雲海テラスの歴史

「お客様にも、この眺めを見せたいなぁ」

2005年初夏のある朝、スキー場の山頂付近でゴンドラのメンテナンスにあたっていると眼下に雲海が広がっていた。

大好きな光景であったが、地元で生まれ育ったスタッフにとってそれは「見慣れたいつもの風景」でもあった。
だから普段ならちらりと見ればそれで終わり。
だが、この日は頭の中をお客様が喜ぶ姿がよぎった。

「お客様にも、この眺めをぜひ見せたいなぁ。ここでおいしいコーヒーを飲んでくつろいでほしいなぁ。」
何気ない一言だった。

雲海は山麓から見ると、頭上に雲がかかっているようにしか見えない。
雲よりも上に登らなければ、雲海の美しさは分からない。

曇り空を見たお客様が本当に頂上まで来てくれるのかという声もあったが、ほとんどのスタッフはこのアイデアに賛同した。

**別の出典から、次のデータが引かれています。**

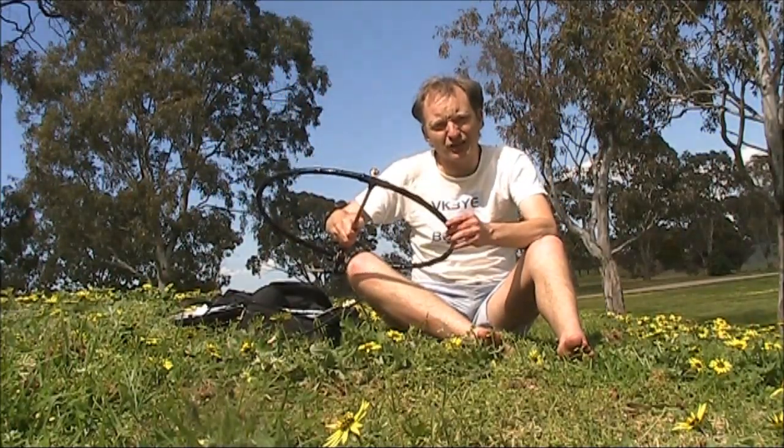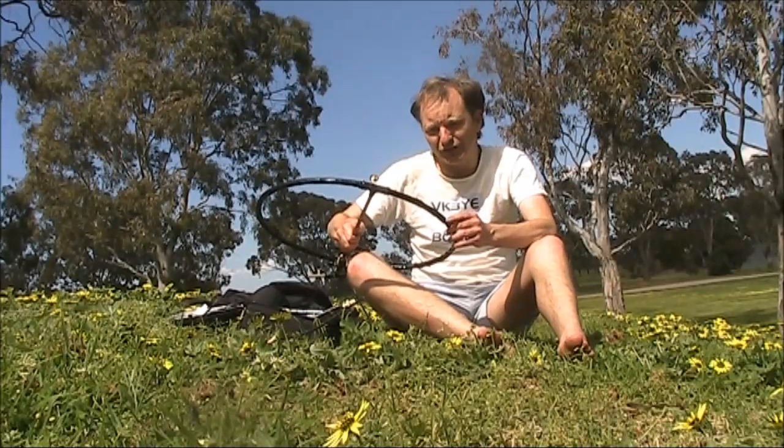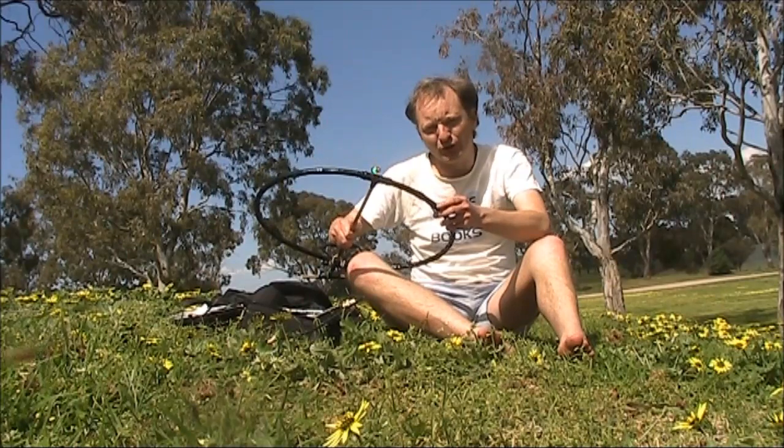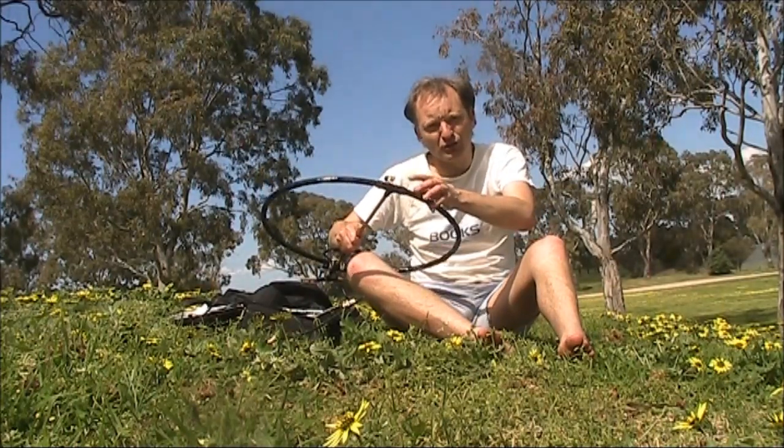The antenna I'm using is a magnetic loop that I featured a few videos ago, about 50 centimeters in diameter, made of kitchen aluminum foil covering 21 through to 30 megahertz.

この日から早速「雲海を見ながらコーヒーを飲んでもらう」ためのプランを話し始めた。やがて「ゴンドラの山頂駅付近に早朝営業のカフェを作ろう」と話が膨らんだ。不慣れな接客や早朝の準備といった課題を解決するため、話し合いは約2ヶ月におよんだ。

雲海テラスの誕生

こうして2005年夏、雲海テラスの前身となる早朝カフェのテスト営業を始めた。

カフェといっても、小さな広場にテーブルとイスを並べただけの簡易的なものだった。
普段はゴンドラのメンテナンスを担当している7人のスタッフは、慣れないウェイター姿で「こんな早朝に、お客様はわざわざ来てくれるのだろうか」とドキドキしていた。

だが、そんな心配をよそにお客様は続々とやってきた。
お客様を見るたびに、7人は飛び上がりたいぐらいうれしくなった。

初日は雲海が見られなかったが、お客様は早朝の清々しい空気の中、トマムの雄大な風景を堪能していた。
サービスに不慣れでミスも出たが、それでもお客様の満足そうな笑顔が目立った。それが何よりもうれしかった。

2ヶ月の期間中には約900人が訪れ、テスト営業は大成功を収めた。

この結果を受けて、お客様から集まった声を取り入れながら、テラスを建設するなどの本格的な展開が決まった。
翌2006年「雲海テラス」として正式にサービスをはじめた。

雲海が発生しやすい春から秋限定のサービスとして人気を呼び、2007年には約1万7,000人が来場する大ヒット企画となった。

雲海予報

自分たちで作り上げたサービスの魅力に気付いた7人は、星野リゾート トマムにふさわしいサービスとは何かを考え続けた。 そして、雲海テラスにさまざまな工夫を凝らしてきた。

「雲海予報」もその一つだ。

雲海は、必ず毎日見られるわけではない。
気温や湿度、風向や風速といった気象情報に、「ある方角に午後から雲が出ると、翌朝は冷え込む。するとトマムに雲海が出やすい」といった経験則を組み合わせて、雲海が発生する確率を予報する「雲海予報」を独自に作った。
シーズン中、雲海が発生する確率は約4割ほどだ。

社内からは「できるかできないか分からないサービスの確率を出すなんておかしい」という声も上がったが、実際に始めると、お客様は雲海予報を楽しみ、クレームはまったく出なかった。

ほかの部門と連携して、毎朝、雲海の様子やゴンドラの運行状況を客室のテレビやホームページで案内する体制も作った。